Afghani also warned that lifestyle factors such as diabetes and excessive screen time were fueling a rise in eye disorders among Pakistanis, particularly children.

“Apart from diabetes, myopia has reached epidemic levels in Pakistan and worldwide,” he said, urging families to limit children’s exposure to screens and promote regular eye exams through school screening programs.

Afghani called on the government to expand preventive eye care and rural infrastructure, warning that rising disease burdens could overwhelm public hospitals.

“The lack of trained specialists and unequal distribution of services continue to push low-income households toward expensive private treatment,” he said. “This leads to long-term economic and social impacts such as increased poverty and reduced productivity.”

To date, the Al-Shifa Trust has screened over three million children for vision-related issues nationwide. The charity runs six hospitals in Rawalpindi, Muzaffarabad, Chakwal, Kohat, Sukkur and Gilgit, and plans to open a Lahore branch by 2027. It holds more than 150 free eye camps annually, treating over 900,000 patients and performing 73,000 surgeries each year, nearly 80 percent of them free of cost.

In Karachi, the Dow University of Health Sciences (DUHS) marked World Sight Day with an awareness walk and seminar, where experts warned that millions of Pakistanis continue to live with untreated eye conditions.

Professor Jehan Ara Hasan, Pro-Vice Chancellor at DUHS, said that nearly 40 million people in Pakistan suffer from various eye diseases, citing national survey data. 

“According to available data, 49 percent of blindness cases are caused by cataract, while the remaining 51 percent are due to other causes such as glaucoma, diabetic retinopathy, and macular degeneration,” she said.

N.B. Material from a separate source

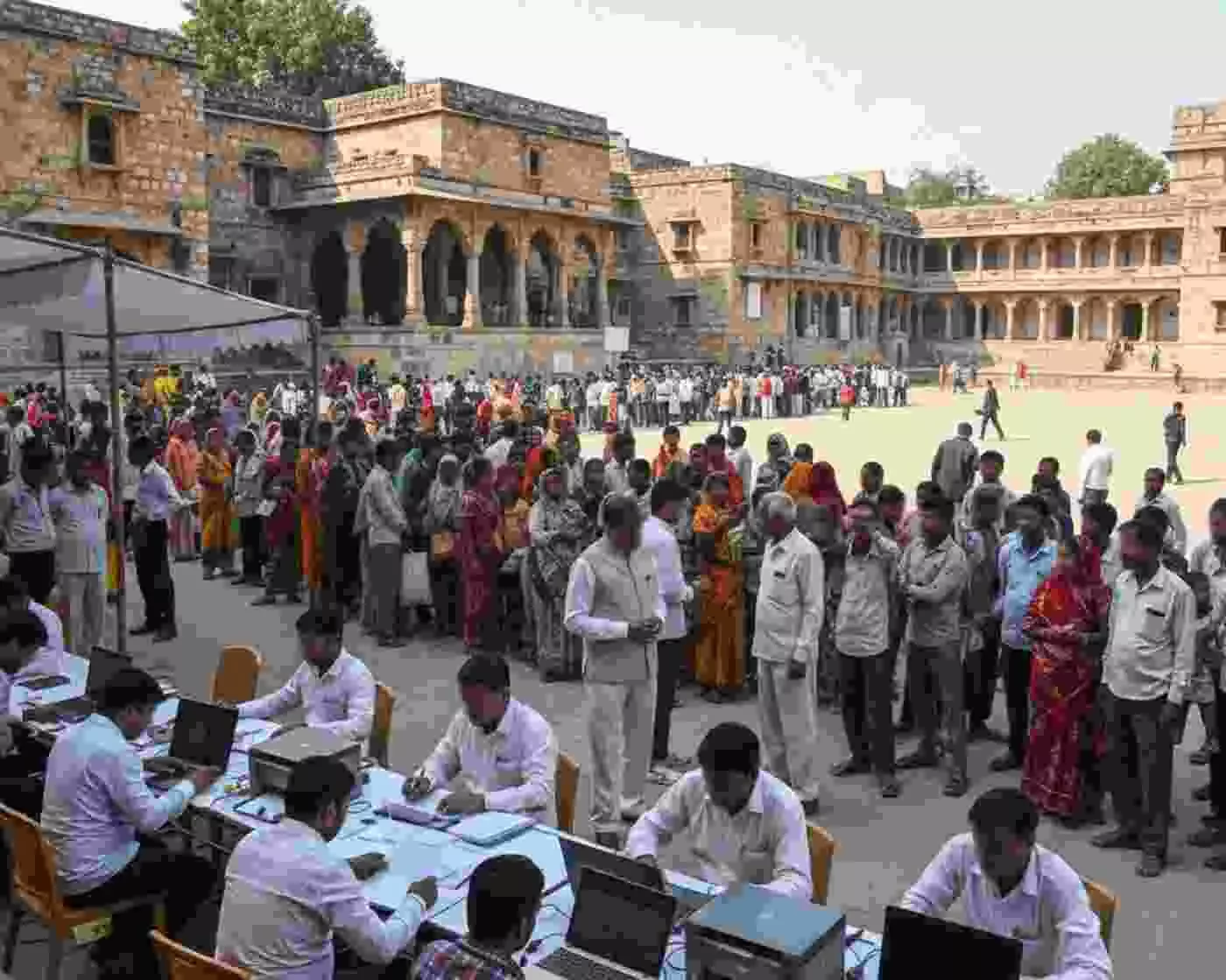 Ai generated image-सवाई माधोपुर: हाशिए पर खड़े घुमन्तु परिवारों की बदली तकदीर, सरकारी योजनाओं के द्वार पर उमड़ा जनसैलाब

Hasan said that despite the high prevalence of diabetes in Pakistan, many patients still do not undergo regular retinal examinations, which are essential for those above forty. 

“According to global statistics, there are approximately 39 million blind people worldwide, while 285 million people suffer from visual impairment or other vision-related disorders,” she added.

According to the Pakistan Survey Report 2022, around 485,000 people in the country are completely blind, while nine million have weak eyesight and require corrective glasses.